**Data for the task**
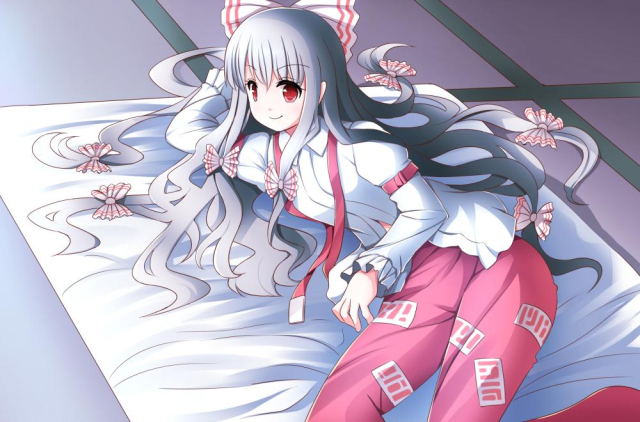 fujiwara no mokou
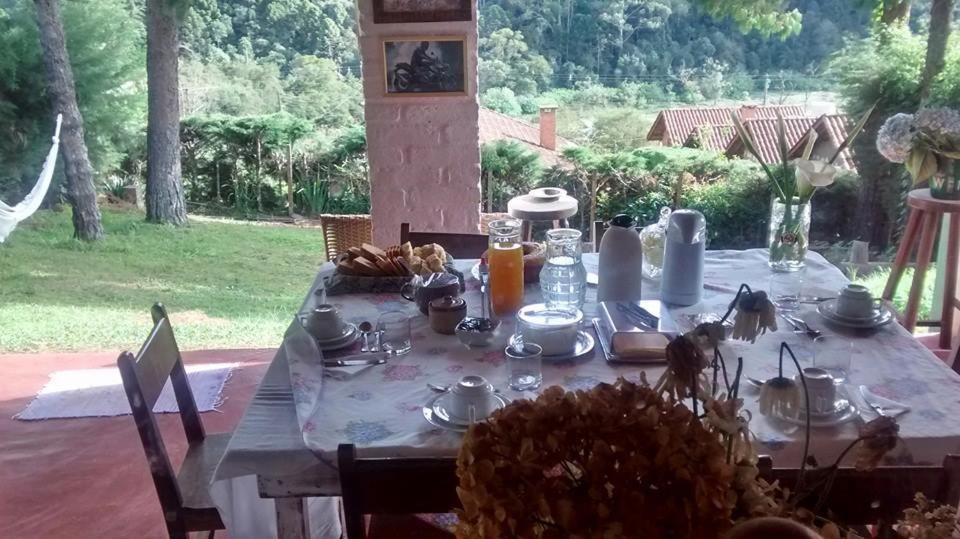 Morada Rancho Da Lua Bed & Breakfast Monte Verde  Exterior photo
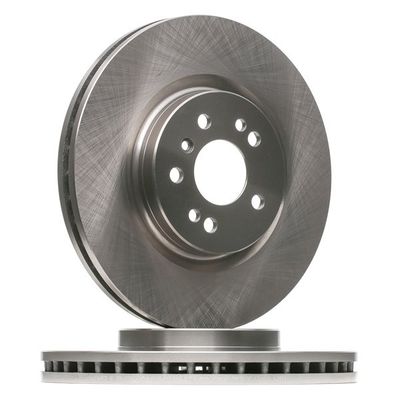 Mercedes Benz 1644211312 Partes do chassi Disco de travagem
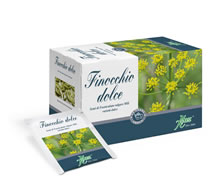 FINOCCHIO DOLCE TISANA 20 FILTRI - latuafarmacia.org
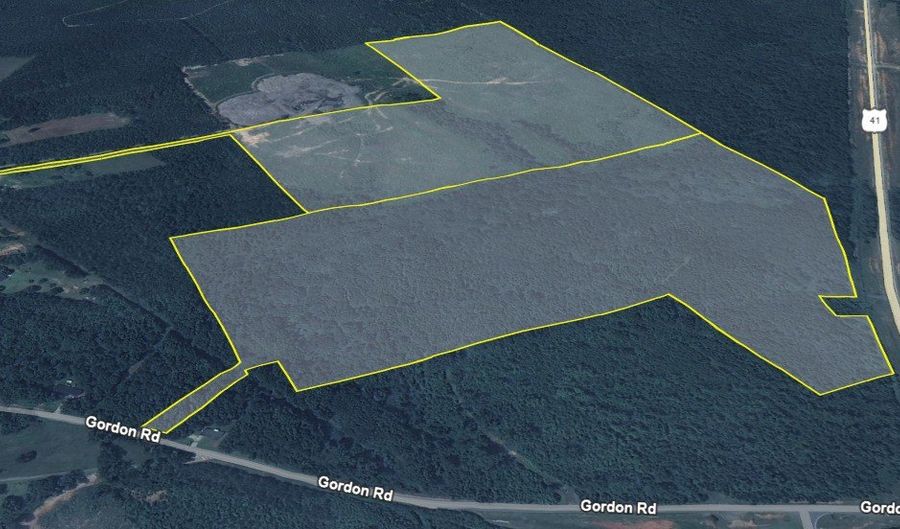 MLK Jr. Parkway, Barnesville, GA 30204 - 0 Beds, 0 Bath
---
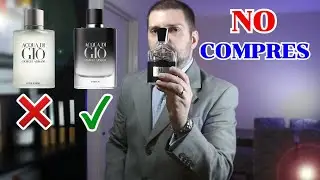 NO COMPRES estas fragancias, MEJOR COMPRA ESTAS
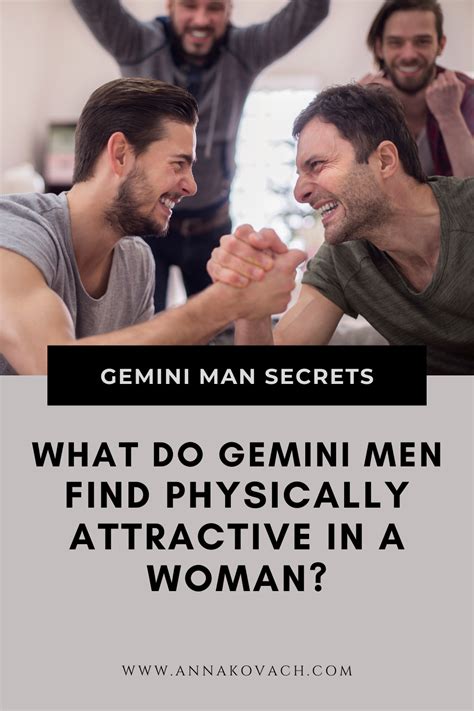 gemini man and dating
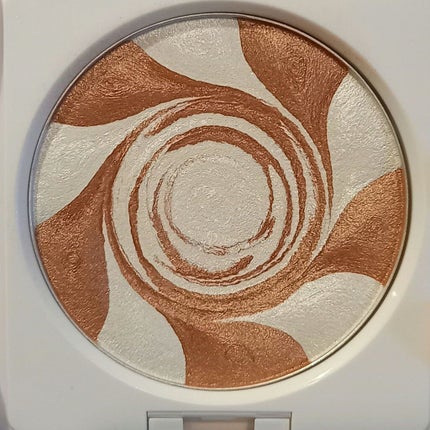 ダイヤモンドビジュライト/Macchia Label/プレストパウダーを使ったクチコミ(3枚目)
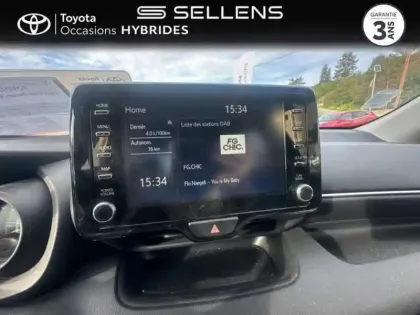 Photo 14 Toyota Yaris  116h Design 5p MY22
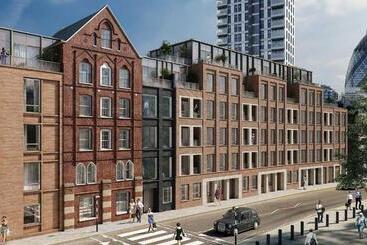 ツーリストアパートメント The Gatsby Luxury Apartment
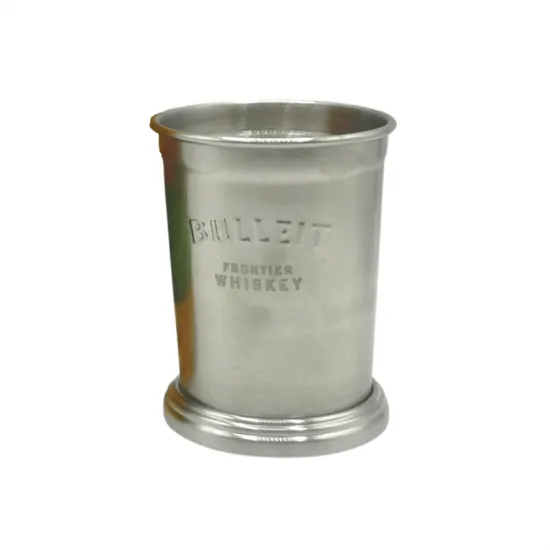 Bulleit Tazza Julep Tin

**Task goal**
Above are the records; copy exactly the lines from the one with "Morada Rancho Da" through the one with "MLK Jr. Parkway, Barnesville, GA", including both, and nothing more. Leave out pictures.

**Answer space**
 Morada Rancho Da Lua Bed & Breakfast Monte Verde  Exterior photo
 Mercedes Benz 1644211312 Partes do chassi Disco de travagem
 FINOCCHIO DOLCE TISANA 20 FILTRI - latuafarmacia.org
 MLK Jr. Parkway, Barnesville, GA 30204 - 0 Beds, 0 Bath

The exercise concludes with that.